Mike Slinn

Pattern Matching on Collections

— Draft —

Published 2019-07-02.
Time to read: 8 minutes.

We covered pattern matching and extractors in the Pattern Matching and Sealed Classes and Extractors lectures of the Introduction to Scala course. This lecture expands on that material and applies it to collections like Array, Seq, List, IndexedSeq and subtypes. Although pattern matching is powerful and cool, it is not always the most efficient or expressive way to write code. Alternative expressions are shown where appropriate.

This lecture discusses pattern matching operations on Arrays and Seq and its subtypes such as List and Vector. However, Array does not support all of the techniques shown in this lecture, so in order to use those techniques you will need to convert the Array to a List. The Array.toList method can do the job; this conversion will allow you to use all of the techniques shown in this lecture on Arrays.

As an aside, when the collection classes were reworked for Scala 2.13, they became a horrible mess. The Array class inheritance diagram is no help in determining where Array.toList is defined because it is incomplete. Array.toList is provided by an implicit conversion from Array[T] to toIndexedSeq[T] performed by the copyArrayToImmutableIndexedSeq method in scala.LowPriorityImplicits2; Predef is responsible for LowPriorityImplicits and LowPriorityImplicits2.

The sample code for this lecture can be found in courseNotes/src/main/scala/collections/PatMatch.scala.

These examples work with Arrays and any type of collection that extends Seq.

Match an Empty Collection

Use the SeqOps.isEmpty method which is available for Array and subclasses of Seq:

Scala REPL
scala> Nil.isEmpty
val res0: Boolean = true
scala>
Array().isEmpty val res1: Boolean = true
scala>
List().isEmpty val res2: Boolean = true
scala>
Seq().isEmpty val res3: Boolean = true
scala>
Vector().isEmpty val res4: Boolean = true
scala>
List.empty.isEmpty val res5: Boolean = true
scala>
Seq.empty.isEmpty val res6: Boolean = true
scala>
Vector.empty.isEmpty val res7: Boolean = true
scala>
Array(1, 2).isEmpty val res8: Boolean = false
scala>
List(1, 2, 3).isEmpty val res9: Boolean = false
scala>
Seq(1, 2, 3).isEmpty val res10: Boolean = false
scala>
Vector().isEmpty val res11: Boolean = false

To test for a non-empty collection, use SeqOps.nonEmpty.

Scala REPL
scala> Nil.nonEmpty
val res0: Boolean = false
scala>
Array().nonEmpty val res1: Boolean = false
scala>
List().nonEmpty val res2: Boolean = false
scala>
Seq().nonEmpty val res3: Boolean = false
scala>
Vector().nonEmpty val res4: Boolean = false
scala>
List.empty.nonEmpty val res5: Boolean = false
scala>
Seq.empty.nonEmpty val res6: Boolean = false
scala>
Vector.empty.nonEmpty val res7: Boolean = false
scala>
Array(1, 2).nonEmpty val res8: Boolean = true
scala>
List(1, 2, 3).nonEmpty val res9: Boolean = true
scala>
Seq(1, 2, 3).nonEmpty val res10: Boolean = true
scala>
Vector().nonEmpty val res11: Boolean = true

Match Specified Elements

This section shows you several ways of ensuring that a collection starts with a zero element. This test is not generally useful, but the techniques shown are.

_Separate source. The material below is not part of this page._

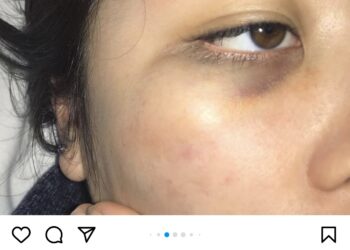 OC서 10대 한인 여성, 인종혐오 희롱에 폭행 피해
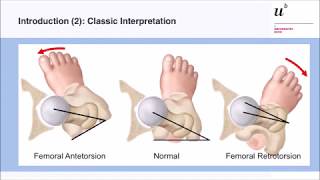 M Tannast In amp outtoeing a reliable diagnostic sign for femoral malversion Hip Symposium 2018 [upl. by Talbott]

The first two ways show interesting ways of working with Scala, but the third way is actually the best practice because it uses standard combinators.

(1) Use Placeholder Splat Syntax

The Scala notation for matching all remaining elements of a Seq or Array is _*. This is a new usage of the placeholder splat syntax introduced in Splatting a Seq section of the Classes Part 2 lecture of the Introduction to Scala course.

When used in a case statement as shown below the notation _* matches zero or more remaining elements in the collection. Placeholders used in match statements do not capture the matched values.

Scala code
def hasLeadingZero(seq: Seq[Int]): Boolean =
  seq match {
    case Seq(0, _*) => true
    case _ => false
  }

The hasLeadingZero method above checks if a collection begins with a zero, and uses _* to match all elements that might follow the leading zero. Placeholder splat syntax will match an empty collection as well as a non-empty collection.

We can write similar code for an Array:

Scala code
def hasLeadingZero(array: Array[Int]): Boolean =
  array match {
    case Array(0, _*) => true
    case _ => false
  }

Both methods have the same name, but accept different parameter types. If both methods are defined in the same scope, Scala’s polymorphism mechanism will invoke the appropriate method based on the argument type passed.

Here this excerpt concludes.